WHAT YOU NEED TO DO
Each line of the data below that contains "larger" must be copied.

** Opening SOURCE INFORMATION block **

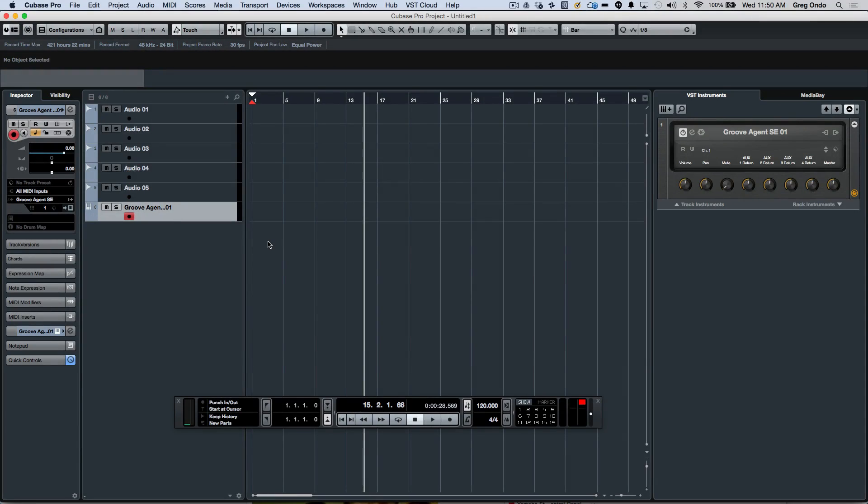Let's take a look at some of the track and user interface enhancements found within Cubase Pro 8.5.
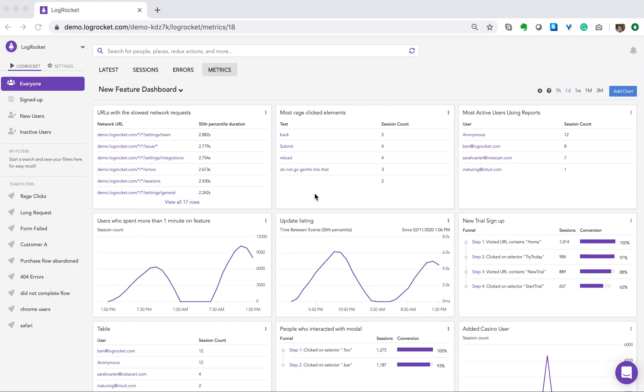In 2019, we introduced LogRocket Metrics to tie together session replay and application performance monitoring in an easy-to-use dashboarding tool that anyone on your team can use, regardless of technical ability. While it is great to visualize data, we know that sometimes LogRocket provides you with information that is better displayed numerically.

** Closing SOURCE INFORMATION block **
** Opening SOURCE INFORMATION block **

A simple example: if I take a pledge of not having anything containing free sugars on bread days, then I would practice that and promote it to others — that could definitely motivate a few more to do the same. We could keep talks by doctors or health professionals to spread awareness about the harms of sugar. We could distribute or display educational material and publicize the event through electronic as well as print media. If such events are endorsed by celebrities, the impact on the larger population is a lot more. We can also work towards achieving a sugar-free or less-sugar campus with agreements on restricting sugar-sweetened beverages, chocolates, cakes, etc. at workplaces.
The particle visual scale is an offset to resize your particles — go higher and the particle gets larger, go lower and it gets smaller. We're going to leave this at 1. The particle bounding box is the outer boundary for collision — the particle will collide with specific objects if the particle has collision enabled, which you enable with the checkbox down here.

** Closing SOURCE INFORMATION block **
** Opening SOURCE INFORMATION block **

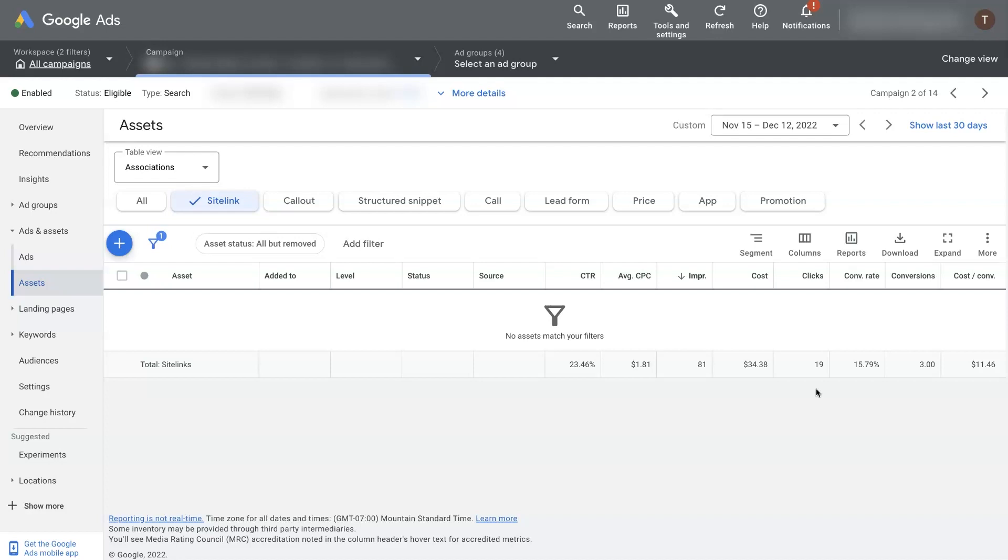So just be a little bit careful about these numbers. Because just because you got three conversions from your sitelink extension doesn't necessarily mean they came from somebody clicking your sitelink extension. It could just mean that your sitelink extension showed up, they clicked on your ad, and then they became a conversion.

** Closing SOURCE INFORMATION block **

TASK OUTPUT
A simple example: if I take a pledge of not having anything containing free sugars on bread days, then I would practice that and promote it to others — that could definitely motivate a few more to do the same. We could keep talks by doctors or health professionals to spread awareness about the harms of sugar. We could distribute or display educational material and publicize the event through electronic as well as print media. If such events are endorsed by celebrities, the impact on the larger population is a lot more. We can also work towards achieving a sugar-free or less-sugar campus with agreements on restricting sugar-sweetened beverages, chocolates, cakes, etc. at workplaces.
The particle visual scale is an offset to resize your particles — go higher and the particle gets larger, go lower and it gets smaller. We're going to leave this at 1. The particle bounding box is the outer boundary for collision — the particle will collide with specific objects if the particle has collision enabled, which you enable with the checkbox down here.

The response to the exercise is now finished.